Potter Koichi Ohara has helped create ceramic Japanese tea and sake cup sets with custom wooden boxes milled from ash trees felled by the city of Chicago. Each set is currently listed for $5,000 on the auction site Paddle8.

Working with custom milled ash seems to be an increasingly large component of Gates’ new skills training focus and the Rebuild Foundation also announced plans to build a lumber mill in a former ComEd substation at 6913 S. Kenwood Ave.

Until recently, Gates said he was unsure what he would do with a former ComEd substation, but had been piling up outside every ash tree he could get from the city, which has felled hundreds of ash trees killed by emerald ash borer beetles in recent years.

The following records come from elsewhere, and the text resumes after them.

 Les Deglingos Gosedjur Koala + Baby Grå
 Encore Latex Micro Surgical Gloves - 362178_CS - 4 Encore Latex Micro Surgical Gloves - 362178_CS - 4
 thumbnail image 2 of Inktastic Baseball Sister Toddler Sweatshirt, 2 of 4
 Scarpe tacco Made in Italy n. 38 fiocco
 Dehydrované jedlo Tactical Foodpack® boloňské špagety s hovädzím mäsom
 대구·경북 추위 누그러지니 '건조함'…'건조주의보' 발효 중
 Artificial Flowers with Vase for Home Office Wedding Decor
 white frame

Gates was not unavailable to comment.

He briefly said the substation could become a space for meditation and tea ceremonies, which would fall in line with plans announced in September to convert the 13 vacant lots around the substation into gardens.

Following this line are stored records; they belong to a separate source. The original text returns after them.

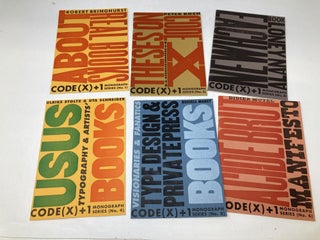 CODE (X) + 1: MANIFESTOS : MONOGRAPH SERIES 1-6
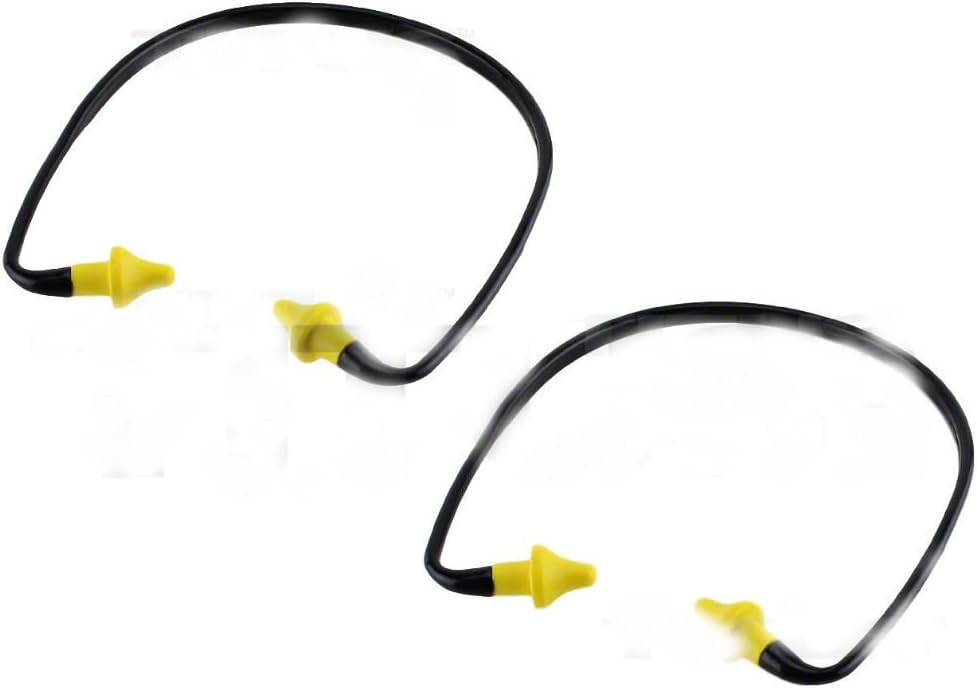 2 PACK EAR PLUGS NECK BAND SHOOTING FIRING RANGE HEARING NOISE SOUND PROTECTION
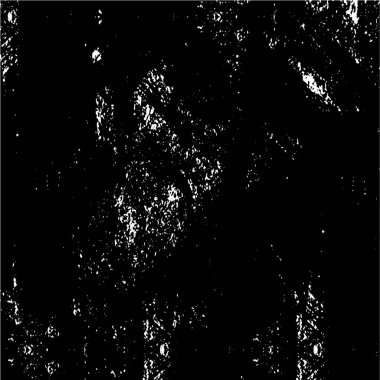 Sert siyah-beyaz dokular. Grunge 'un geçmişi. Soyut doku etkisi. Vektör İllüstrasyonu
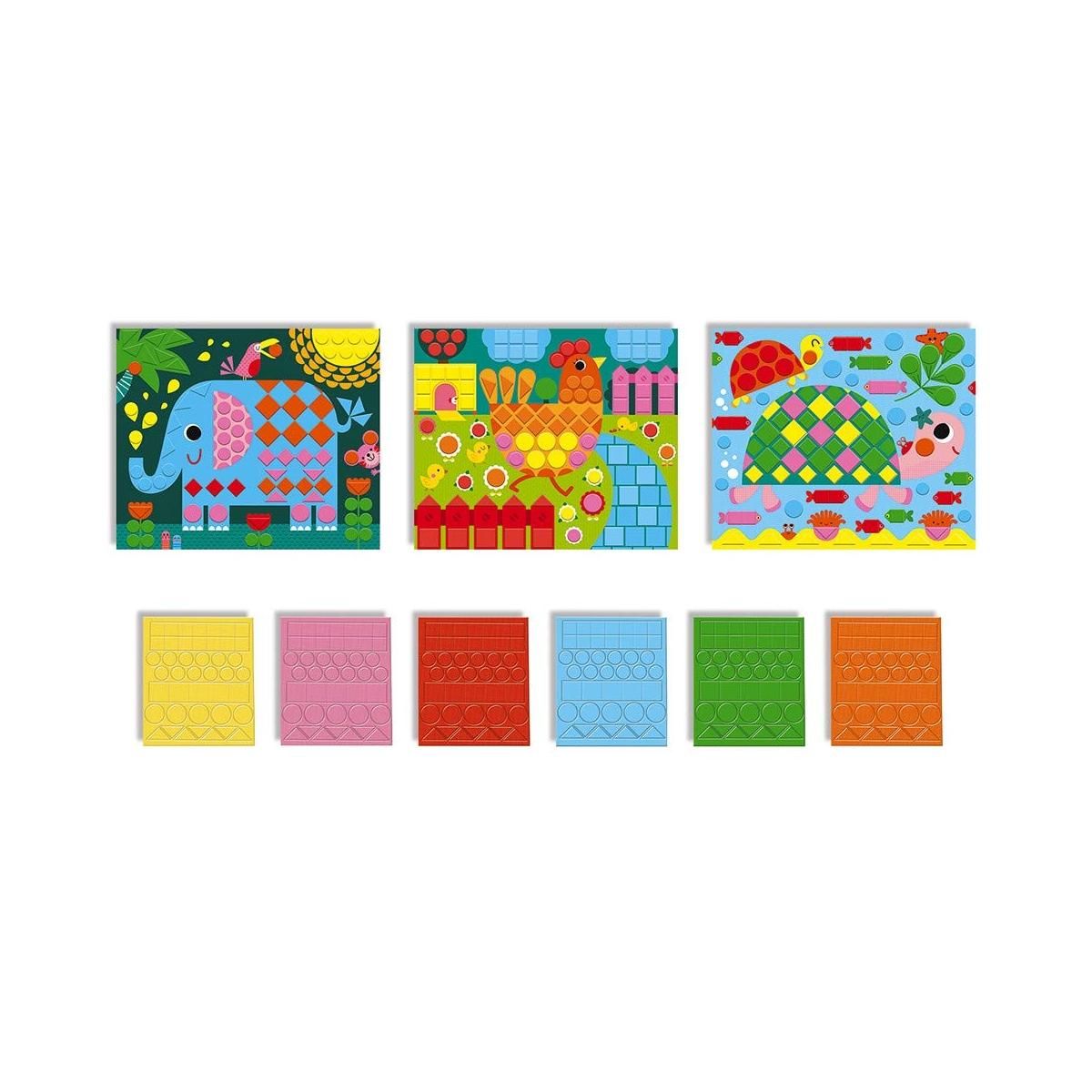 Juratoys-Janod Mosaiques animaux   Janod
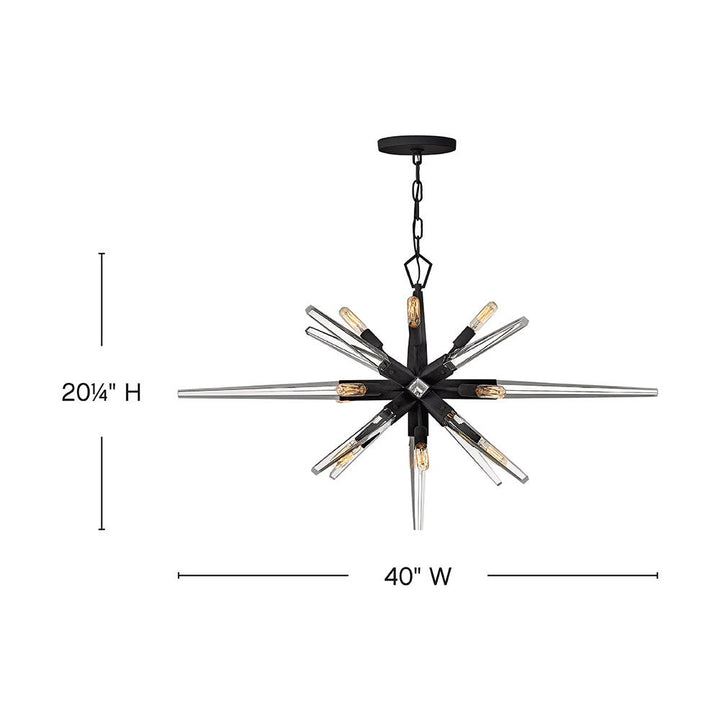 Fredrick Ramond Ariel Linear Chandelier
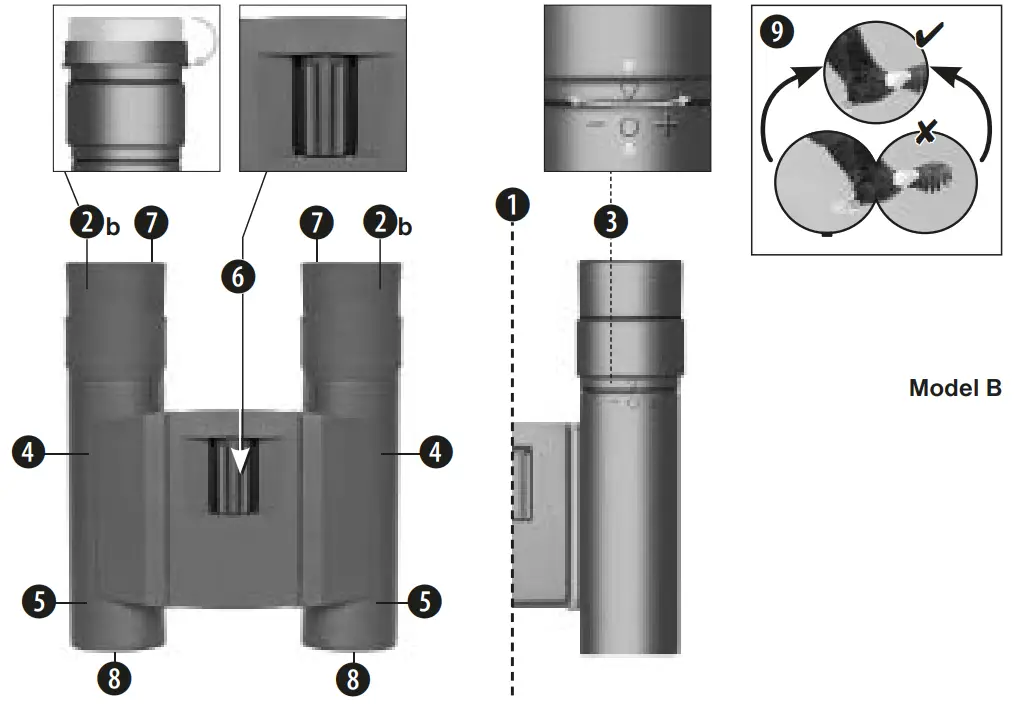 BRESSER Compact Binoculars - Fig 1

The program, dubbed the Ash Project this week, remains in its infancy and its unclear still when if it will move into the substation before the gardens are completed in three years.

Craftsmen have already started working with the new supply of lumber and have created tables, with one listing on the benefit auction for an estimated $15,000.

Artists Antony Gormley, Anselm Kiefer, Eddie Peake and Gates himself are also listing new work in the auction.

Tickets to the benefit range from $1,000 for a single seat to $50,000 for a table for eight, with the option to take home the custom-made plates, bowls and the table itself.